Constitutional provisions for Scheduled Caste

  • Article 15: Prohibition of discrimination on grounds of religion, race, caste, sex or place of birth.
  • Article 16: Equality of opportunity in matters of public employment. Nothing in this article shall prevent the State from making any provision for the reservation of appointments or posts in favor of any backward class of citizens which, in the opinion of the State, is not adequately represented in the services under the State.
  • Article 19: Freedom of speech

✓ to freedom of speech and expression;

✓ to assemble peaceably and without arms;

✓ to form associations or unions;

✓ to move freely throughout the territory of India;

✓ to reside and settle in any part of the territory of India;

✓ to practice any profession, or to carry on any occupation, trade or business.

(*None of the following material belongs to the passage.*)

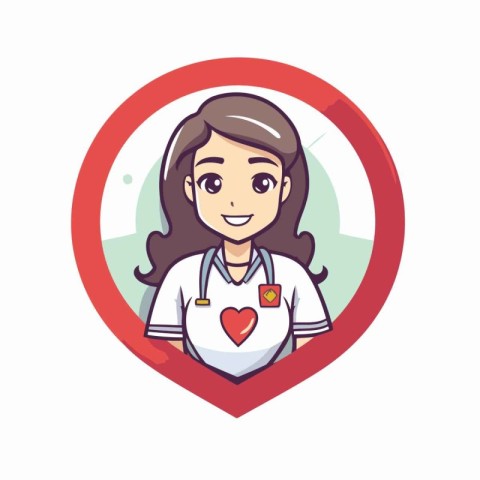 Vector illustration of a nurse in a red circle with a heart.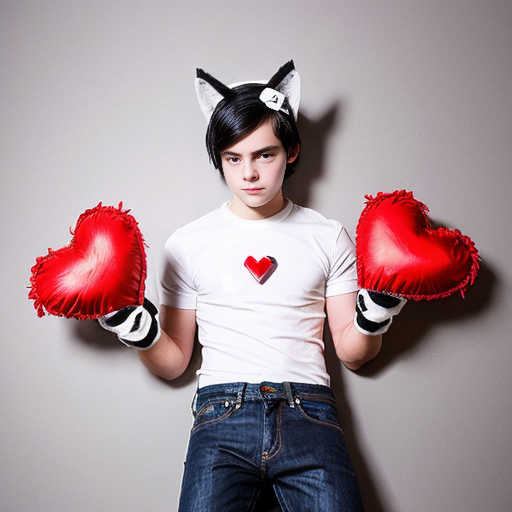 teenage boy with red eyes, black hair, white cat ears, a white shirt with a red love heart in the top right hand side, blue jeans, black gloves with one love heart per glove and a brown cat tail with a white stripe near the tip.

  • Article 46: Promotion of educational and economic interests of Scheduled Castes, Scheduled Tribes and other weaker sections The State shall promote with special care the educational and economic interests of the weaker sections of the people, and, in particular, of the Scheduled Castes and the Scheduled Tribes, and shall protect them from social injustice and all forms of exploitation.
  • Article 335: Claims of Scheduled Castes and Scheduled Tribes to services and posts The claims of the members of the Scheduled Castes and Scheduled Tribes shall be taken into consideration, consistently with the maintenance of efficiency of administration, in the making of appointments to services and posts in connection with the affairs of the Union or of a State.
  • Article 332: Reservation of seats for Scheduled Castes and Scheduled Tribes in the Legislative Assemblies of the States.
  • Article 334: the reservation of seats for the Scheduled Castes and Scheduled Tribes in the House of the People and in the Legislative Assemblies of the State.
  • Article 341: The President may with respect to any State or Union territory after consultation with the Governor specify the castes, races or tribes or parts of or groups within castes, races or tribes as Scheduled Castes in relation to that State or Union territory.
  • Article 338: National Commission for Scheduled Castes.
  • Article 17: Article 17 of the Constitution of India abolishes the practice of untouchability in India. The practice of untouchability is declared as a crime and anyone doing so is punishable by law.
  • Article 243D: Seats shall be reserved for

✓ The Scheduled Castes; and

✓ The Scheduled Tribes, in every Panchayat and the number of seats so reserved shall bear, as nearly as may be, the same proportion to the total number of seats to be filled by direct election in that Panchayat as the population of the Scheduled Castes in that Panchayat area or of the Scheduled Tribes in that Panchayat area bears to the total population of that area and such seats may be allotted by rotation to different constituencies in a Panchayat.